FALL ON ICE, PLACED NO PROTECTION
California, Mount Shasta
In July, a party of four climbers attempted the Hotlum Glacier route on Mount Shasta. Parts of this route are covered in hard ice on which self-arrest is difficult. The climbers traveled in two two-man roped teams, and used ice axes and crampons. While traveling over a section of hard ice, one member of rope team #1 fell and took his rope-mate with him. Both suffered injuries to the lower legs from crampon points. Later, one member of rope team #2 fell and slid, pulling his rope-mate after him. During their 300 meter slide, one of the victims hooked a crampon point on the ice, injuring his ankle and causing him to tumble. The pair stopped around 3200 meters by dragging their knees and elbows against the ice. The injured victim was unable to travel and spent the night alone on the glacier, suffering frostbite to the injured foot.

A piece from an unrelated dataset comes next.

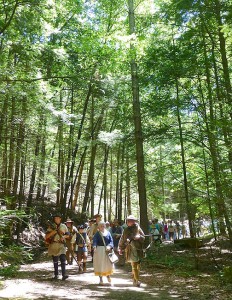 At Cumberland Gap National Historical Park, reenactors commemorate the first crossing of the gap by European settlers in 1775. The trail marker denotes the beginning of the Boone Trace pathway at the park. Sam Compton, president of The Boone Society, notes that a gap in the trees seems to form a heart above Daniel Boone. Photo by Roberta Mills, Boone Society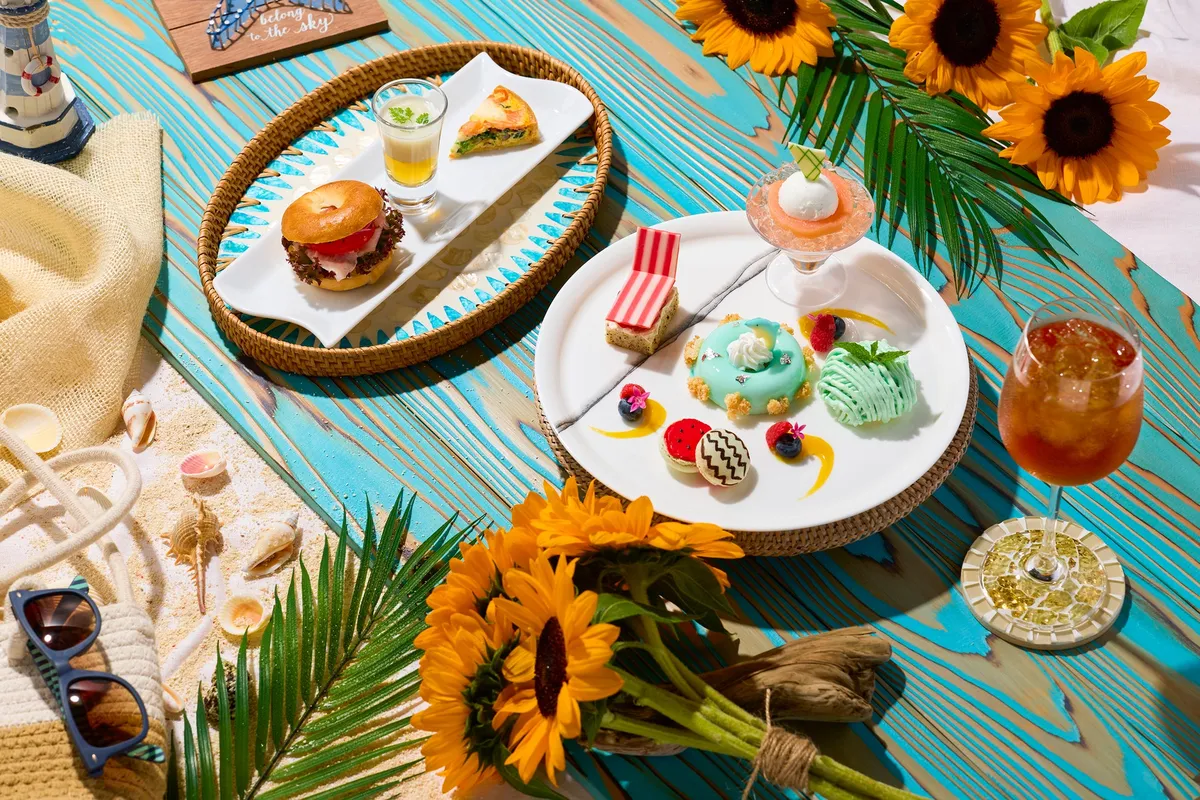 サマーバケーションアフタヌーンティーの全景。ひまわりや貝殻が添えられ夏らしい雰囲気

He was evacuated by Siskiyou County SAR the following morning. (Source: Tom Grossman, Bay Area Mountain Rescue Unit)
The ice on the Hotlum Glacier is often hard enough to make self-arrest extremely difficult; this means that simultaneous roped travel does not significantly increase (and in fact may decrease) the safety of the climbing party. In each of these two incidents, the main effect of the rope was to convert a one-person accident into a two-person accident.
The common technique of simultaneous roped travel is of great value when traveling over crevassed glaciers where self-arrest is reliable. However, climbers traveling over snow or ice should keep in mind that they have many alternatives, and the “standard” technique of simultaneous roped travel may not be the best under all circumstances. Depending on conditions and skill level, climbers can (besides doing simultaneous roped climbing: (1) climb unroped, (2) use a static belay, (3) use a running belay or (4) change their plans! (Source: Tom Grossman, Bay Area Mountain Rescue Unit)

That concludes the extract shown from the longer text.